The US and China are the largest economies, and a recent Bloomberg article even went so far as to say that "China probably has become the world’s biggest economy". In the minds of Chinese executives, therefore, they'll serve consumers in China first, followed by the US and the rest of the world.
What kinds of brand names do Chinese consumers like? I'd speculate Pinyin words because we see them everywhere, with 2-pin being most popular. The big three in China are 百度(Baidu), 腾讯(Tencent), and 阿里巴巴(Alibaba). The first two are 2-pin and even the 4-pin Alibaba is often shortened as 2-pin "阿里". In other words, names up to 3-pin are preferred and 4-pin is considered a bit long to remember.
While Pinyin is perfect in China, it becomes a problem outside the country. Many of such brands are difficult to pronounce. For example, Huawei is a global brand but IT World even named it the "most butchered name in technology". See how funny it is in this YouTube video where some Americans on the street are asked to pronounce "Huawei".

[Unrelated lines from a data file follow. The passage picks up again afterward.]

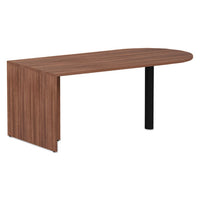 Alera Valencia Series D-top Desk, 71w X 29.5d X 29.5h, Modern Walnut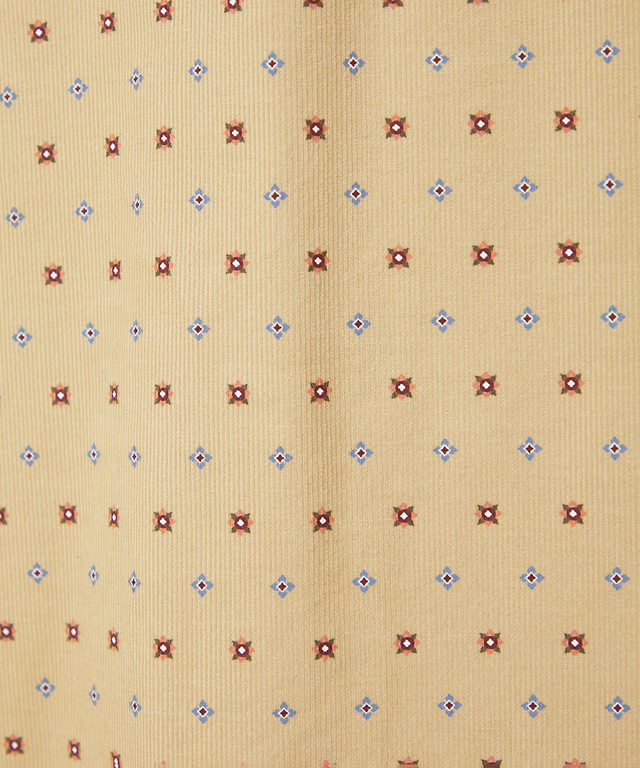 コーデュロイ 小紋柄 プリントブラウス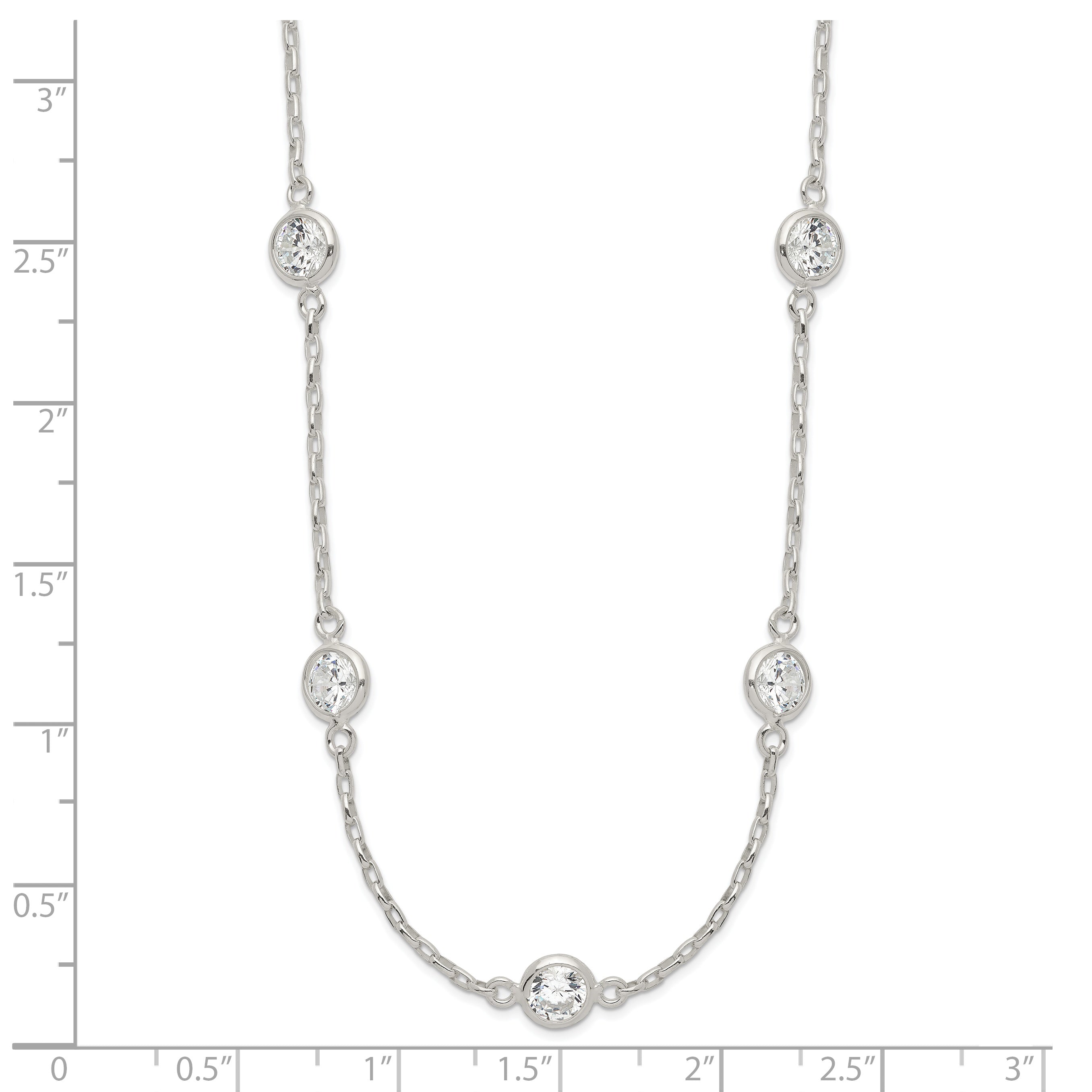 Sophia Jewelers Sterling Silver CZ Necklace with Polished Stations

How do you bridge language gaps in different markets? My proposal to Chinese companies is acronym for Pinyin. If pronunciation is an issue, rebrand outside China as acronym. Its viability is already well proven, as evidenced in the success of IBM (USA), BMW (Germany), and LG (Korea). Interestingly, Chinese ecommerce giant 京东(Jing Dong) has gone to the extreme, by branding as "JD.com" both inside and outside China. This must be the ultimate in branding, where the digital address of a brand is the brand itself. So, Huawei could have branded itself simply as "HW.com".
In short, LL and LLL .coms may be the best choices for Chinese companies with global aspiration. Acronym solves the language issue and .com remains King both inside and outside China. This is also reflected in my report "Domains used by China’s Top 100 internet companies" posted on industry magazine Domain Name Wire several months ago.